> [SUPPLIED ENTRIES]:
-*-*-

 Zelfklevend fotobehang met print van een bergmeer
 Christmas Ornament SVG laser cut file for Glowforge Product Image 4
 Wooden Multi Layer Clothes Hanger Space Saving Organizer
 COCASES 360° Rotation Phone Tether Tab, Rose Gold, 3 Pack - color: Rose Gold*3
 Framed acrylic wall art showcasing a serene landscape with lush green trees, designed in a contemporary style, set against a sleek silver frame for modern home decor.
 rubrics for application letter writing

-*-*-

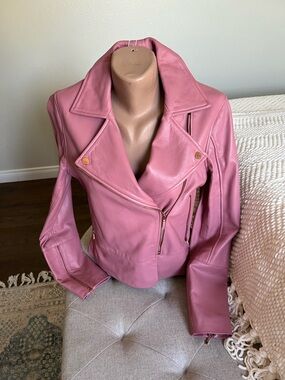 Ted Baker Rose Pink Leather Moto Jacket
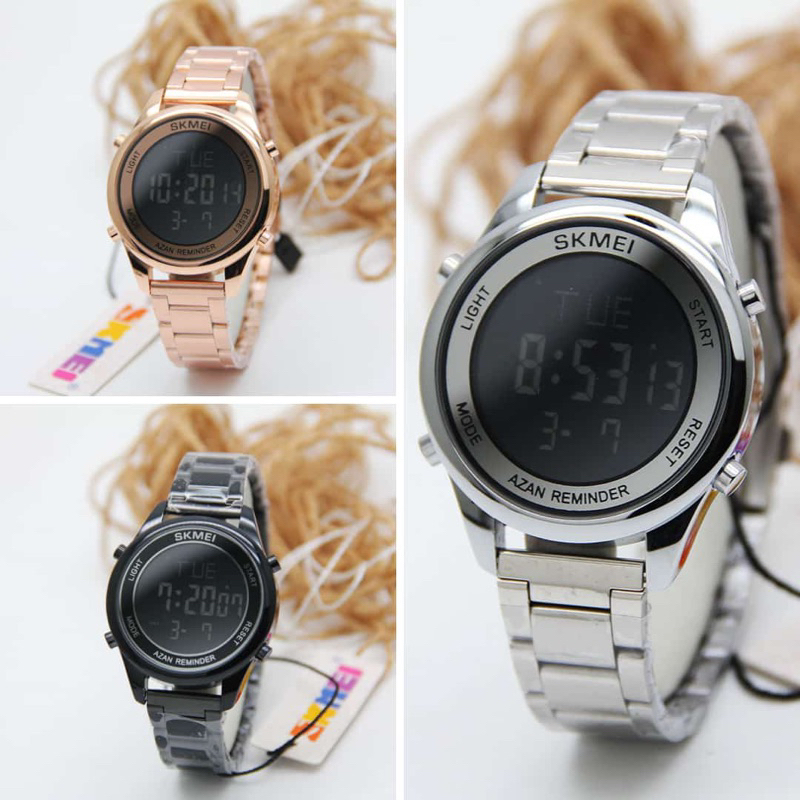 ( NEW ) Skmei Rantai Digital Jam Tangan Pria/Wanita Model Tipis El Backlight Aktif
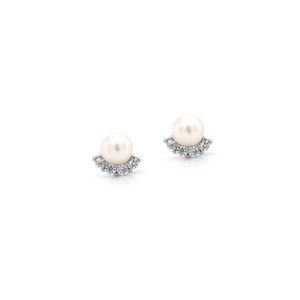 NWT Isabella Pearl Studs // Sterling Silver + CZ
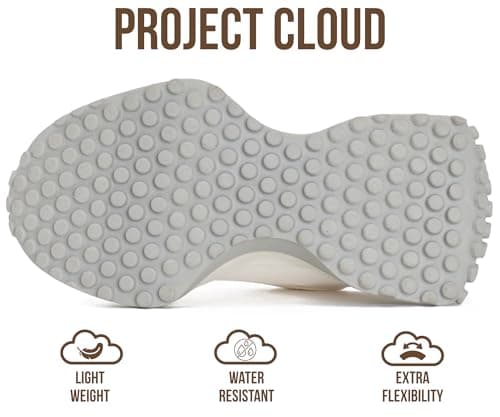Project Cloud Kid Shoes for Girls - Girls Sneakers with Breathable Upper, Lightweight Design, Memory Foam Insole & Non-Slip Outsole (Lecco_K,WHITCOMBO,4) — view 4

-*-*-

Please copy the lines in the records above between the one holding "Wooden Multi Layer" and the one holding "rubrics for application letter writing", inclusive, exactly and with no other line.

> [SOLUTION TO THIS EXERCISE]:
 Wooden Multi Layer Clothes Hanger Space Saving Organizer
 COCASES 360° Rotation Phone Tether Tab, Rose Gold, 3 Pack - color: Rose Gold*3
 Framed acrylic wall art showcasing a serene landscape with lush green trees, designed in a contemporary style, set against a sleek silver frame for modern home decor.
 rubrics for application letter writing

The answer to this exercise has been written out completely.